Evaluation of bone mineral density in children with type 1 diabetes: A cross-sectional case–control study
How to cite this article: Kumar RA, Delhi Kumar CG, Sahoo J. Evaluation of bone mineral density in children with type 1 diabetes: A cross-sectional case–control study. J Pediatr Endocrinol Diabetes 2022;2:9-13.
To compare the bone mineral density (BMD) and vitamin D levels of children with type 1 diabetes (T1D) with normal children.
Material and Methods:
Children with T1D, aged 4–18 years, and age- and gender-matched healthy controls, were recruited. Children with chronic systemic disorders and those taking medications that impair BMD were excluded from the study.
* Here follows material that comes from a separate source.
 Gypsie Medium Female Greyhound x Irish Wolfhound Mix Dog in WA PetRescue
Dual-energy X-ray absorptiometry, vitamin D, intact parathyroid hormone, calcium, phosphorus, alkaline phosphatase, osteocalcin, and spot urine deoxypyridinoline crosslinks (Pyrilinks-D)/ creatinine ratio were estimated in both cases and controls.
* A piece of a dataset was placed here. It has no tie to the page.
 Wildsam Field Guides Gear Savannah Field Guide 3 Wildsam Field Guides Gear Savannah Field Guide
Thirty-seven children with T1D with a mean age of 9.7 ± 2.1 years were enrolled and compared with controls. The bone mineral content (BMC) in cases was 24.5 g (20.3–30.6) and in controls 25.5 g (23.5–26.8) (P = 0.66) and BMD in cases was 0.68 ± 0.165 g/cm2 and in controls 0.69 ± 0.149 g/cm2 (P = 0.76). However, the prevalence of low BMD (BMD <-2 Z-score) was seen in only 3 (8%) cases (P – <0.001). Serum 25-hydroxyvitamin D [25(OH)D] levels were also lower in cases 14.1 ng/mL (12.05–14.75 ng/mL) as compared to controls 15.73 ng/mL (13.1–23.2 ng/mL) (P = 0.01). Thirty-three (89%) cases and 24 (64%) controls had low 25(OH)D levels (<20 ng/mL). There was no significant difference in the bone turnover markers between cases and controls.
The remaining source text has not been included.